(Short descriptive text snippets)
= = = = =
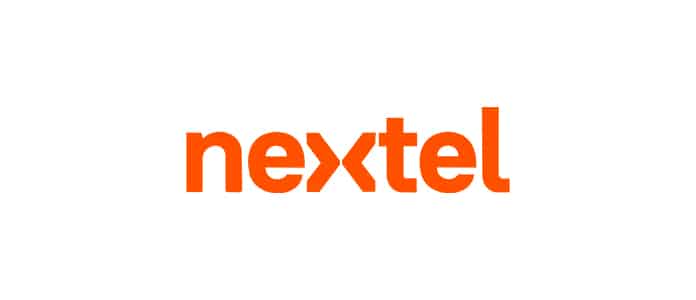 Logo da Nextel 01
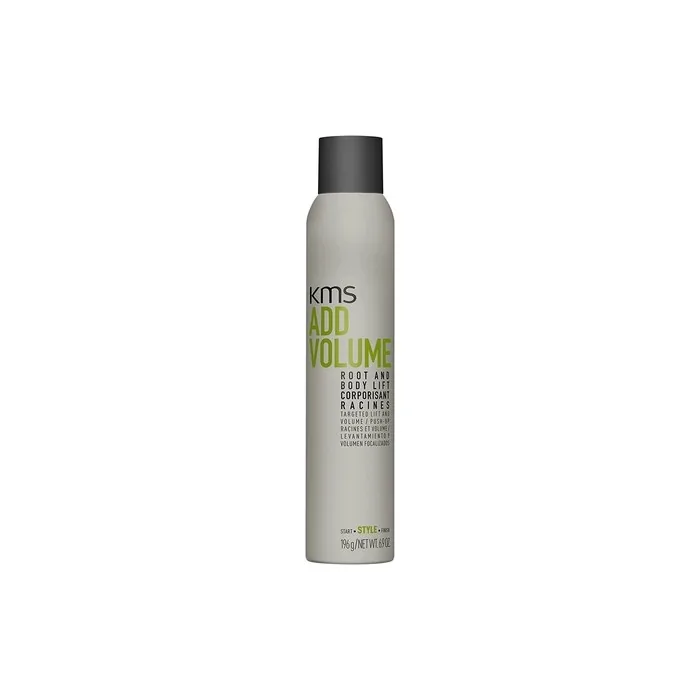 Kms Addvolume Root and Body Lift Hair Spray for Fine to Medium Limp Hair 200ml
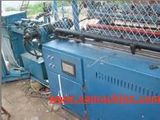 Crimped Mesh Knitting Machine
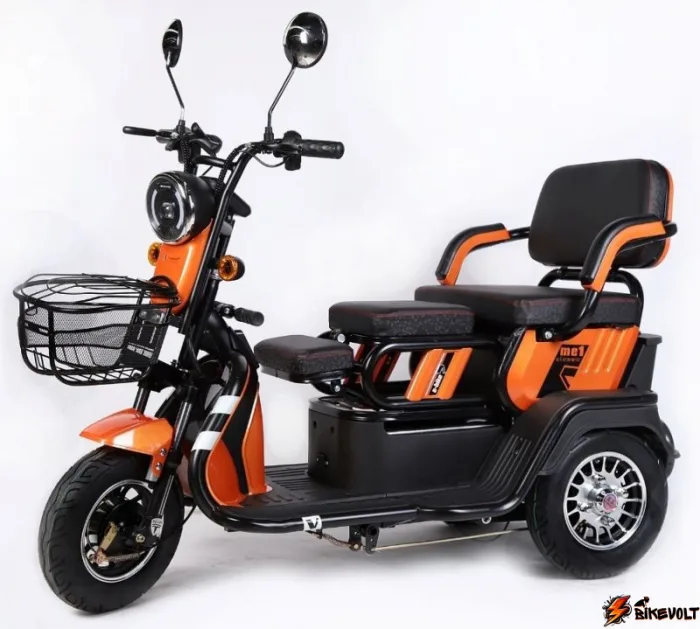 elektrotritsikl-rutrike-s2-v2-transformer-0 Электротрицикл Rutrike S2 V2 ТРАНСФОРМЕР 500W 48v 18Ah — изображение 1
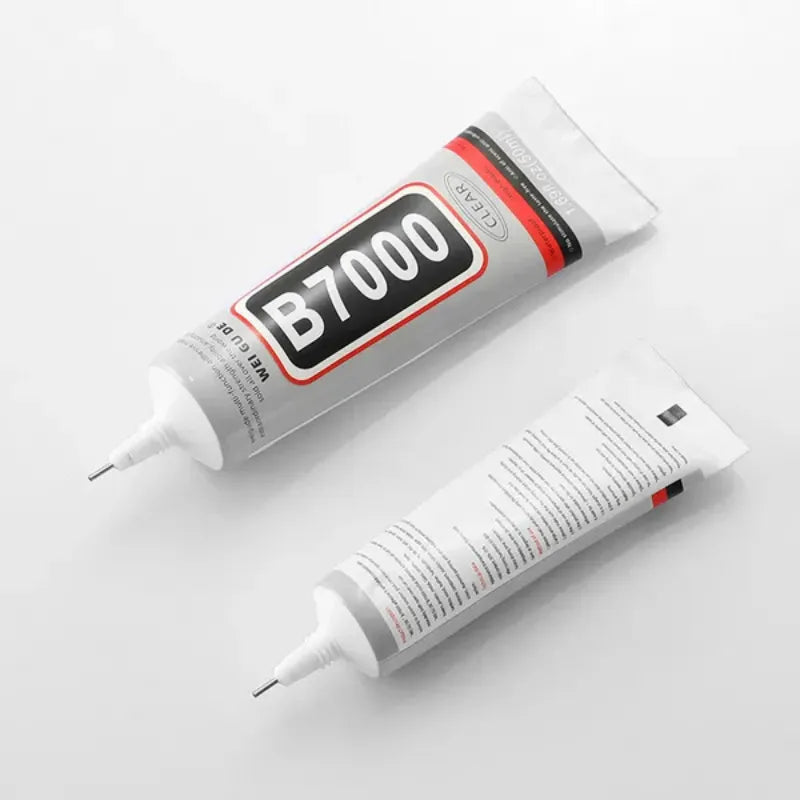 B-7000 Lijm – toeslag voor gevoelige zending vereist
= = = = =
▶ _About this task_: Output exactly, and only, the lines of the entries above from the one with "Kms Addvolume Root" up to and including the one with "18Ah — изображение 1"; pictures are to be left out.

▶ _Output of the exercise_:
 Kms Addvolume Root and Body Lift Hair Spray for Fine to Medium Limp Hair 200ml
 Crimped Mesh Knitting Machine
 elektrotritsikl-rutrike-s2-v2-transformer-0 Электротрицикл Rutrike S2 V2 ТРАНСФОРМЕР 500W 48v 18Ah — изображение 1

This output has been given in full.